▸ **What needs to be done**:
Reproduce the listing exactly and skip over any pictures.

** Opening Records provided block **

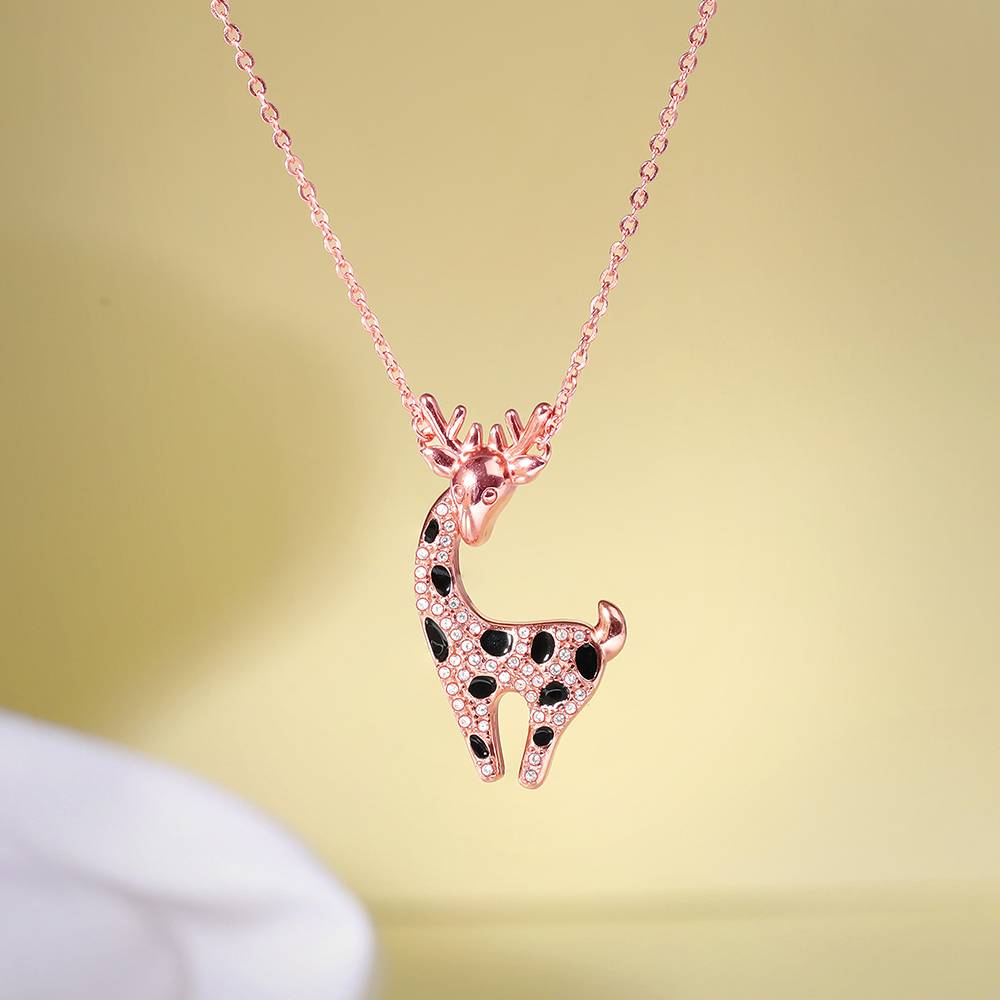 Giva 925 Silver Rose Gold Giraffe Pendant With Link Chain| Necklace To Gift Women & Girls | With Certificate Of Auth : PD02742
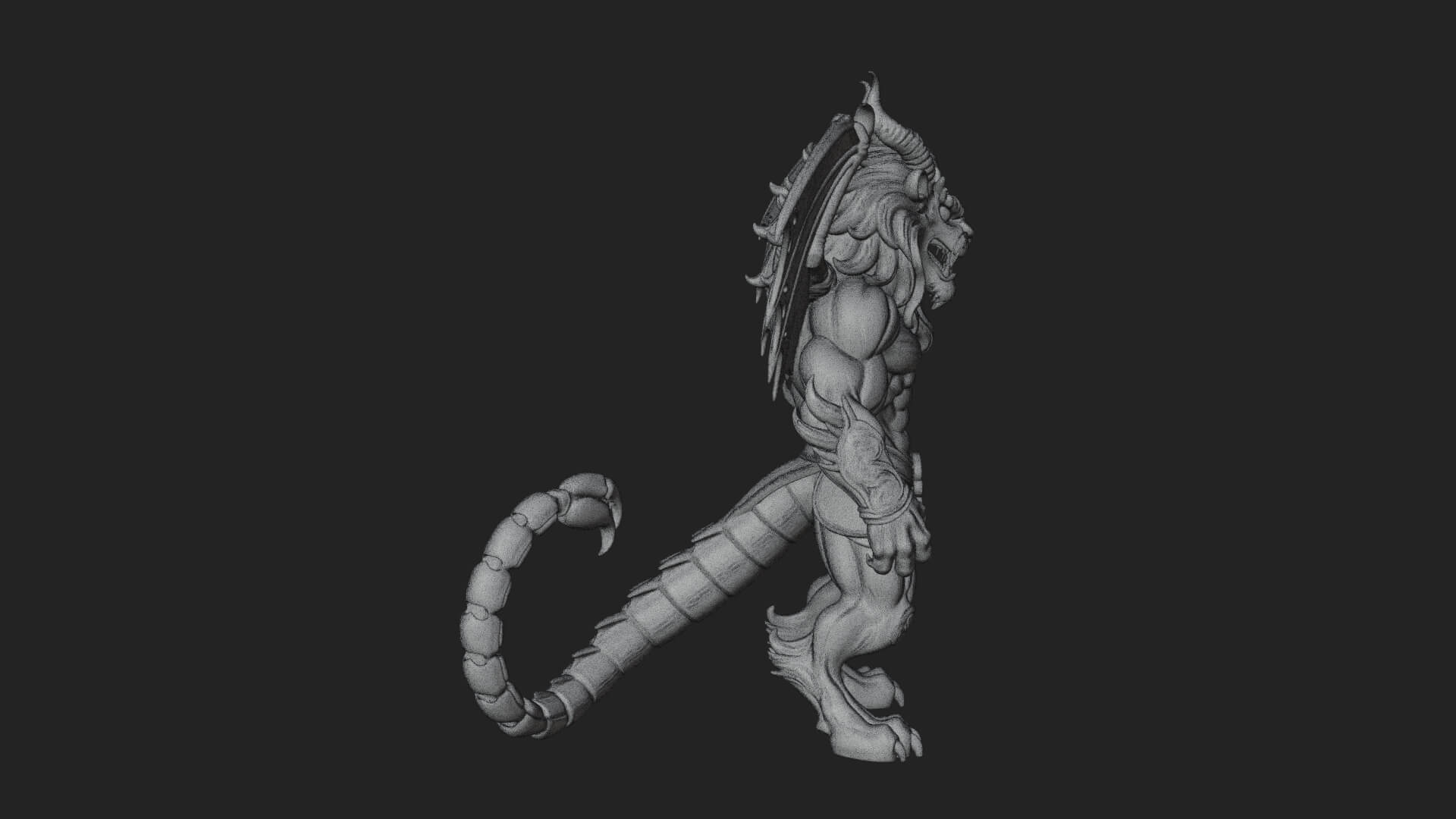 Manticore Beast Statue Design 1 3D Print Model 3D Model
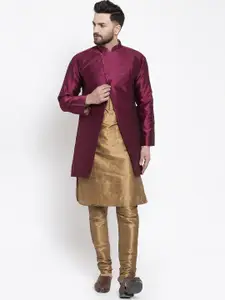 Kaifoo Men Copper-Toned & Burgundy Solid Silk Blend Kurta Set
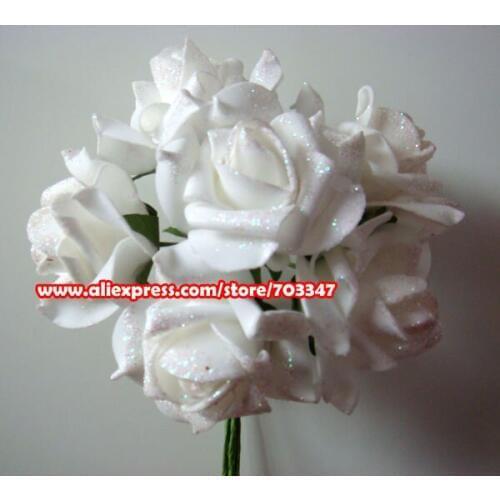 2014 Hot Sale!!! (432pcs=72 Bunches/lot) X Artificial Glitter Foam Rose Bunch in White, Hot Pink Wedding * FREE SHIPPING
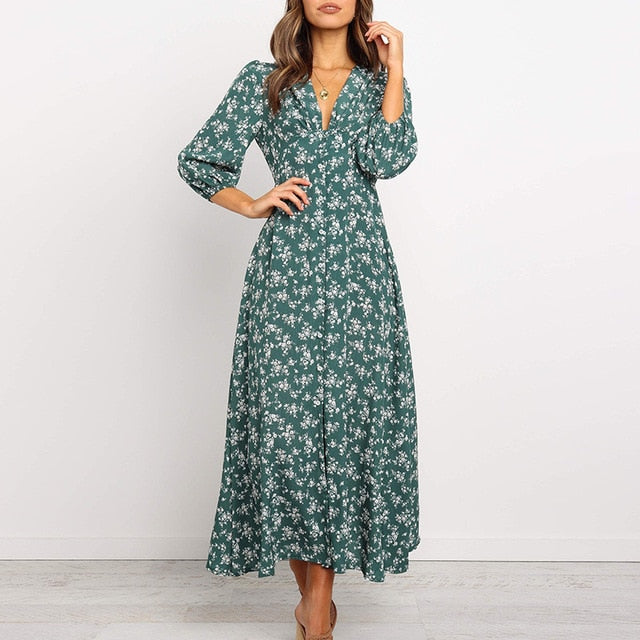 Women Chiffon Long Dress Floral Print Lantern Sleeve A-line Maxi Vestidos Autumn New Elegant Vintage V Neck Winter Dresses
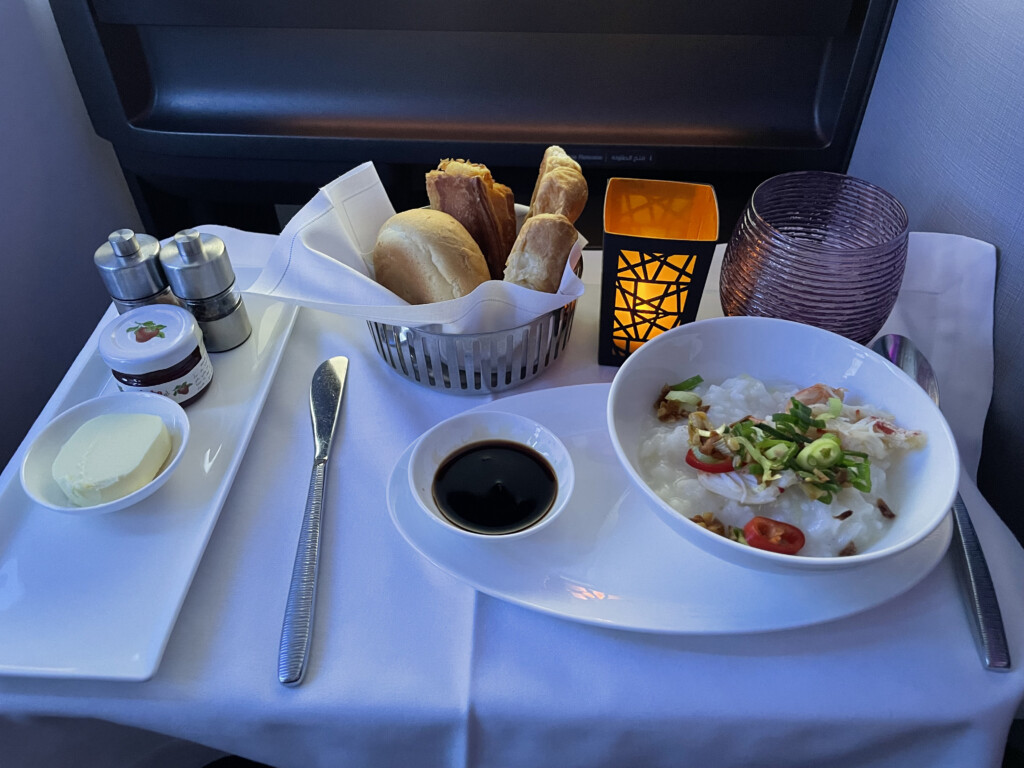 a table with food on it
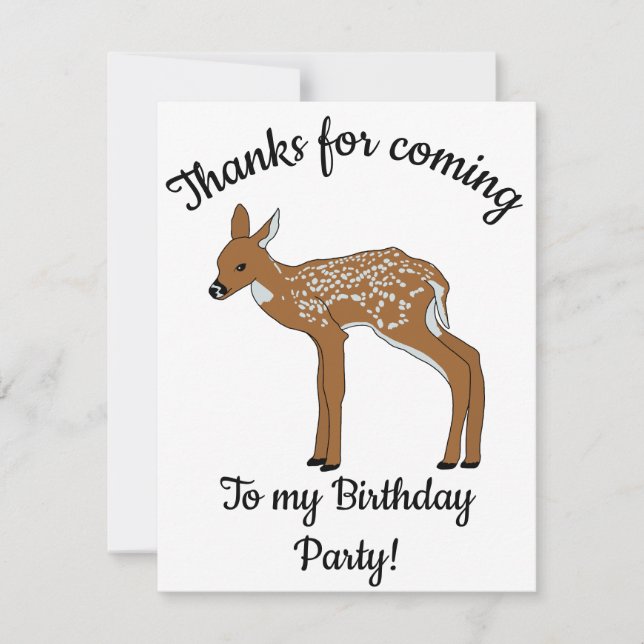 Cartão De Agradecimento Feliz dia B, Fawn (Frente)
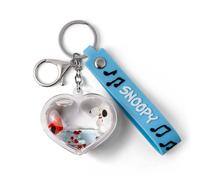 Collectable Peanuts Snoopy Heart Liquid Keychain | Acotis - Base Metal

** Closing Records provided block **

▸ **Written answer**:
 Giva 925 Silver Rose Gold Giraffe Pendant With Link Chain| Necklace To Gift Women & Girls | With Certificate Of Auth : PD02742
 Manticore Beast Statue Design 1 3D Print Model 3D Model
 Kaifoo Men Copper-Toned & Burgundy Solid Silk Blend Kurta Set
 2014 Hot Sale!!! (432pcs=72 Bunches/lot) X Artificial Glitter Foam Rose Bunch in White, Hot Pink Wedding * FREE SHIPPING
 Women Chiffon Long Dress Floral Print Lantern Sleeve A-line Maxi Vestidos Autumn New Elegant Vintage V Neck Winter Dresses
 a table with food on it
 Cartão De Agradecimento Feliz dia B, Fawn (Frente)
 Collectable Peanuts Snoopy Heart Liquid Keychain | Acotis - Base Metal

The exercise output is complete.